Sunday, November 23, 2025

Plant Story--Beautiful Showy Milkweed, Asclepias speciosa

A few decades ago, milkweeds (genus Asclepias) were simply common native plants that could be poisonous to livestock, so they were ignored or eliminated. Then monarch butterfly (Danaus plexippus) populations were found to have decreased dramatically. Looking for causes, ecologists pointed to land development eliminating milkweeds, which are the only food plant of monarch caterpillars. Trying to help, people all over have been planting milkweeds for the monarchs. 

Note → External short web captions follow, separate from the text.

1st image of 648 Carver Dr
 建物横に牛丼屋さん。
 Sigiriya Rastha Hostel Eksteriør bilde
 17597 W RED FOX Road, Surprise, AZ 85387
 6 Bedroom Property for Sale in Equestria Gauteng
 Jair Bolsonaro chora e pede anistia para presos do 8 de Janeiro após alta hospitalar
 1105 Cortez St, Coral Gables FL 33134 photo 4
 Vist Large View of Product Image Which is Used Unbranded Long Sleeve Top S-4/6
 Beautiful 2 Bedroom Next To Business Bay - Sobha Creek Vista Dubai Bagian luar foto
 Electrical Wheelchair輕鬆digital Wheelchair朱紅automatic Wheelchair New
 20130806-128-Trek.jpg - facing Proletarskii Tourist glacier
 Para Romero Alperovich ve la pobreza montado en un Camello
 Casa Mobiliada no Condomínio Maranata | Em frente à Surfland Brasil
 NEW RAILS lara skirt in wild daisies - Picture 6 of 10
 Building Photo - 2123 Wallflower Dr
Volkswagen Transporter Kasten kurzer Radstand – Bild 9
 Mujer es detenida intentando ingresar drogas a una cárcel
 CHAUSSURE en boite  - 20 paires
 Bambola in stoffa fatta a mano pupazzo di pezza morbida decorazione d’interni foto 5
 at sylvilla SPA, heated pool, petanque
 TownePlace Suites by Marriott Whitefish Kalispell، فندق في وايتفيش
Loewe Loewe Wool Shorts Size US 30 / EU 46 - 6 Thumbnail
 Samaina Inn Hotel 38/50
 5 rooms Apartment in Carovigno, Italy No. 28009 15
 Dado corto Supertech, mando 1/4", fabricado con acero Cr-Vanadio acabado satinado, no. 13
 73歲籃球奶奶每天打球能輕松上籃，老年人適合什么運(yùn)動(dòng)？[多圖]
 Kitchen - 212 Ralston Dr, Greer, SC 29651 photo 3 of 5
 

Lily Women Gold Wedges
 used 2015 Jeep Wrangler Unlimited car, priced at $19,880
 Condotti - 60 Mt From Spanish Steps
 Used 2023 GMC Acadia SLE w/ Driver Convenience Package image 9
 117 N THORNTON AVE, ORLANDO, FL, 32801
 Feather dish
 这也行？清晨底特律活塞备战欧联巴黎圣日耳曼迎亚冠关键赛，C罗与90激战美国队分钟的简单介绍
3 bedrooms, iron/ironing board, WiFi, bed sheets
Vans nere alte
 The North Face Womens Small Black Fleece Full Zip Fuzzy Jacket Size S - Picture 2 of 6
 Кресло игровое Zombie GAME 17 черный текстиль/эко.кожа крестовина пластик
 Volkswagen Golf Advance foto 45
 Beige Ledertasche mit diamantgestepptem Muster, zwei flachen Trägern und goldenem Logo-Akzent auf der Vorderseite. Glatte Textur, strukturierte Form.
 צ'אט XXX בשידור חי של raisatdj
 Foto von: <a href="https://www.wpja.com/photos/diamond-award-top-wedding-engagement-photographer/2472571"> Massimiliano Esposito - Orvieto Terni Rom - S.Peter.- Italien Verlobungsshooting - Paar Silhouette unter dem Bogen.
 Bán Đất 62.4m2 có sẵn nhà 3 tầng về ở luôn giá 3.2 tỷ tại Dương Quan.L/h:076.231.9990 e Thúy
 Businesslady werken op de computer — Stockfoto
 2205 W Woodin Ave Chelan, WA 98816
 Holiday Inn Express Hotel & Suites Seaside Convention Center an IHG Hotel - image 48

monarch butterfly on showy milkweed, Colorado
Showy milkweed, Asclepias speciosa with a monarch butterfly
perched on it

For people living in Eastern North America, common milkweed (Asclepias syriaca) was the easiest milkweed to find and grow and it is a monarch magnet. In the West, though, common milkweed is not native. It is replaced by showy milkweed (Asclepias speciosa), which grows in many of the same habitats and looks quite similar. Over the last decade, western nurseries and gardeners have explained this and made showy milkweed seeds and plants available. Today you can google all kinds of information about showy milkweed (link, link, link and many more). What can I possibly write? I will draw some aspects of the wild plants to your attention.

Showy milkweed (Asclepias speciosa) grows three to four feet tall with long oval leaves. If not supported by other three-foot plants, they often flop over. The flowers are pink-purple and quite large. They have a lovely scent. The plants produce oval seed pods which contain white floss (properly called the coma or pappus) and small (1/8") flat round brown seeds. When ripe, the pods open and the seeds fly away as the floss rides on the breeze. The leaves turn a striking yellow in the fall. 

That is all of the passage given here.